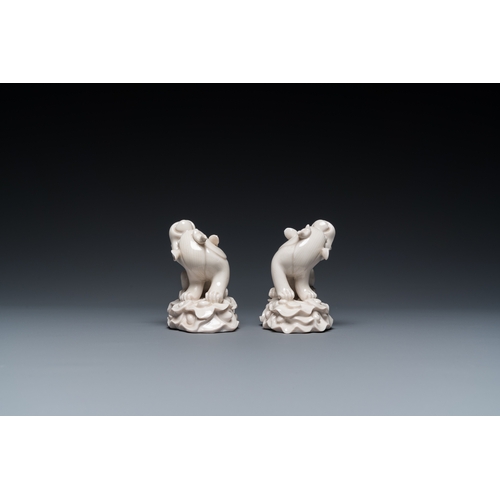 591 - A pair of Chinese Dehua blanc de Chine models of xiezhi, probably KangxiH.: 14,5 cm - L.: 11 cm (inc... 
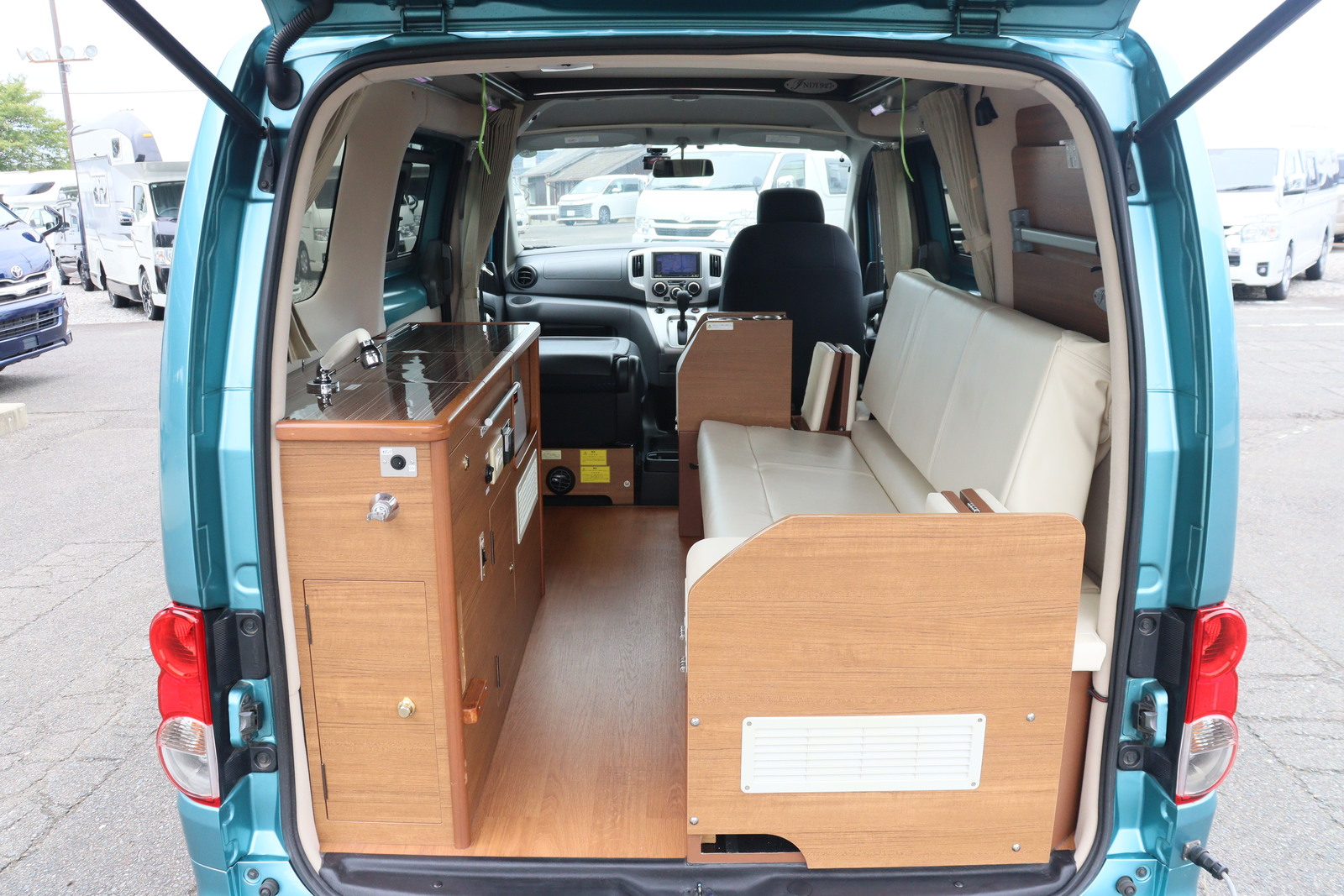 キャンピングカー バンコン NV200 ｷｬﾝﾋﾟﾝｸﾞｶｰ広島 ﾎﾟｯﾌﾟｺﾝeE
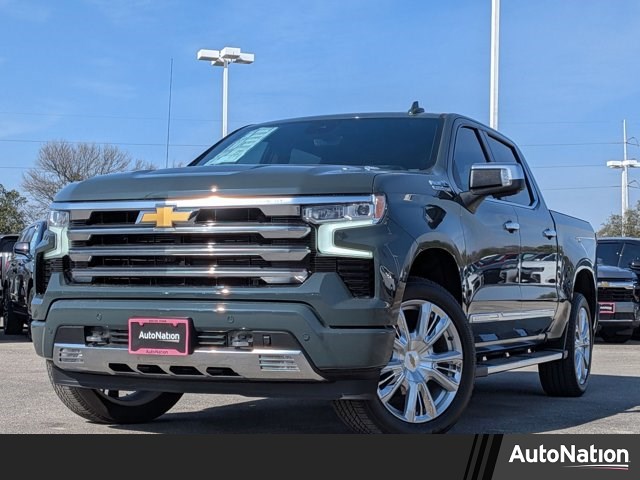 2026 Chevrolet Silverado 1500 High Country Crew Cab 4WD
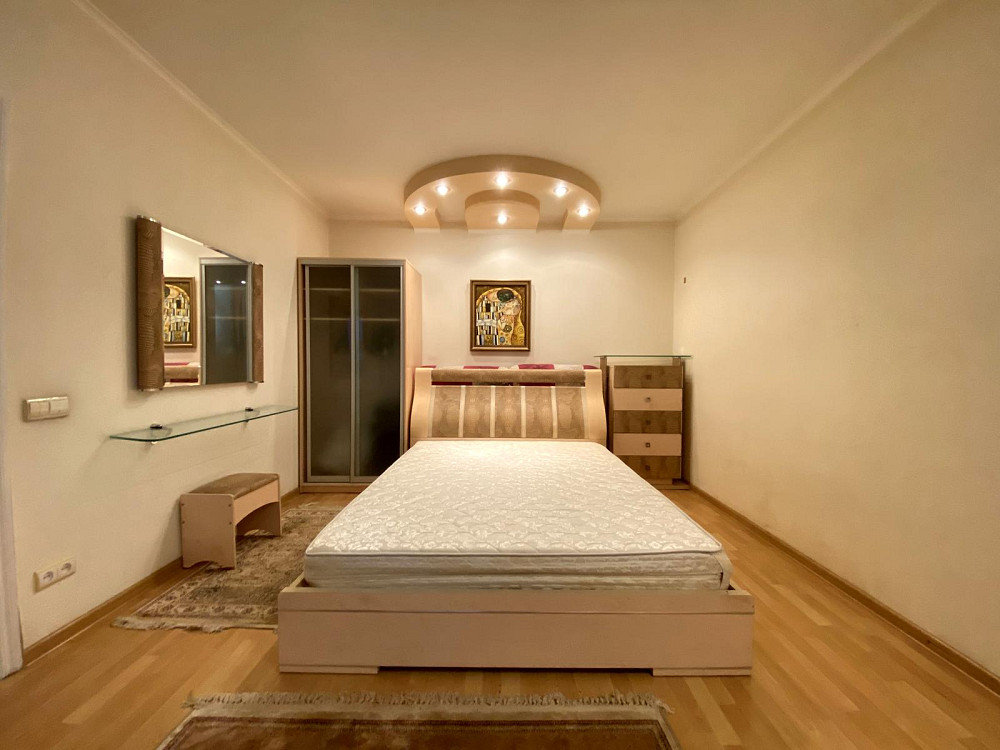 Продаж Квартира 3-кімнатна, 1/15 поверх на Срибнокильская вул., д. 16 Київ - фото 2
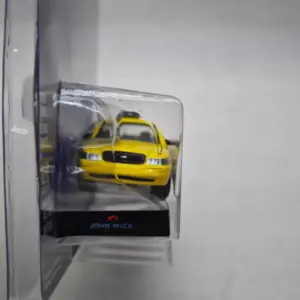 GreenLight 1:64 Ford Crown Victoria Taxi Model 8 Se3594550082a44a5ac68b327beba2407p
※ ※ ※
_The task_
Omit all pictures and repeat the rest of the records verbatim.

_Exercise response_
 591 - A pair of Chinese Dehua blanc de Chine models of xiezhi, probably KangxiH.: 14,5 cm - L.: 11 cm (inc... 
 キャンピングカー バンコン NV200 ｷｬﾝﾋﾟﾝｸﾞｶｰ広島 ﾎﾟｯﾌﾟｺﾝeE
 2026 Chevrolet Silverado 1500 High Country Crew Cab 4WD
 Продаж Квартира 3-кімнатна, 1/15 поверх на Срибнокильская вул., д. 16 Київ - фото 2
 GreenLight 1:64 Ford Crown Victoria Taxi Model 8 Se3594550082a44a5ac68b327beba2407p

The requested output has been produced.